Scuppers--Add a little of the same engine non-toxic antifreeze (propylene glycol) to the scupper drains.  If the boat is uncovered in freezing weather, this may be an ongoing process. 

Bilges--The bilges of keel stepped masts tend to fill with rain water that wicks down the upper spinnaker halyard entrance to the inside of the mast.  If the boat is hauled and up for the winter, make sure the bilge pump float switch fuse is removed, as freezing weather could stick the float in the up position, draining the batteries.    While hauled, I regularly take a sponge (using rubber gloves because   the water is COLD!) and empty the bilge during freezing weather.  If in the water, the only solution is to add a little antifreeze periodically to the bilge to keep things from freezing solid. 

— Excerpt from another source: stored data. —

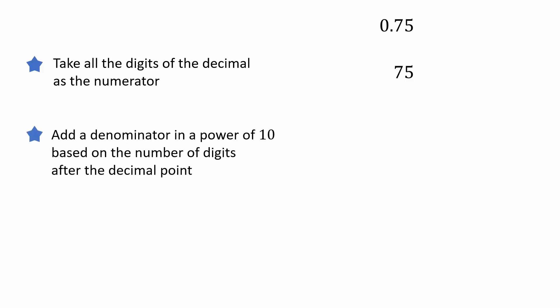Next, add a denominator in a power of 10 that depends on the number of digits after the decimal point in the original decimal. Since there are two digits after the decimal point in 0.75, the denominator will be 100.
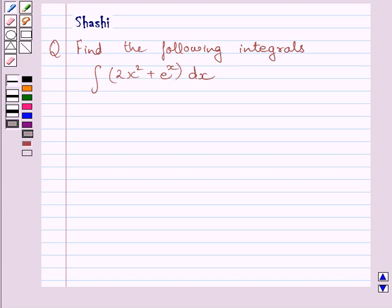Hello and welcome to the session. I am Shashi and I am going to help you with the following question. The question says: find the following integrals.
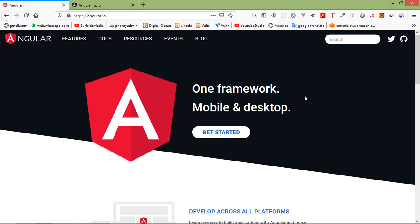Hi everyone, welcome back to the Angular 10 tutorial. In this video we are going to learn about ngIf directives. ngIf directives are used to add or remove HTML elements according to an expression. The expression must return a boolean value. If the expression is false then the element is removed, otherwise the element is inserted. So let's see how we can use ngIf directives in Angular 10.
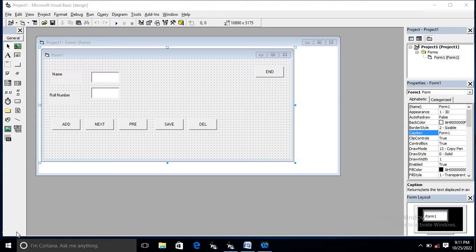Hello watchers and subscribers. In this tutorial we are going to see how we can perform database connectivity in Visual Basic. For this purpose we are going to use Microsoft Access for storing information permanently. When you don't use a database, your data is temporary in the program. But when you want to save data permanently, you need database connectivity in your program.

Hidden places--The manual bilge pump drain should be siphoned as dry as possible and add some antifreeze.  Also look inside the hull under and aft of the rear berth.    There's a scag indentation that collects water on the inside of the hull just forward of the rudder.  Empty that area. 

Rudder--Check the rudder column for water as mentioned in the Mainsheet Feb 1992, Aug 1996 and May 1997.             

NOTE: If your boat is hauled and placed in the factory cradle, make sure the yard doesn't put it in there backwards (Ron Hill)  

 

Important: The opinions expressed here are those of the individual contributors to this page, and not those of the Catalina 34 National Association or Catalina Yachts, Inc. Additionally, this material has not been reviewed by Catalina Yachts, Inc. for technical accuracy. This page's maintainer cannot guarantee the accuracy of this information or the desirability of suggested modifications or upgrades. Please obtain assistance from a competent marine mechanic or boatyard prior to making any significant modifications to your vessel.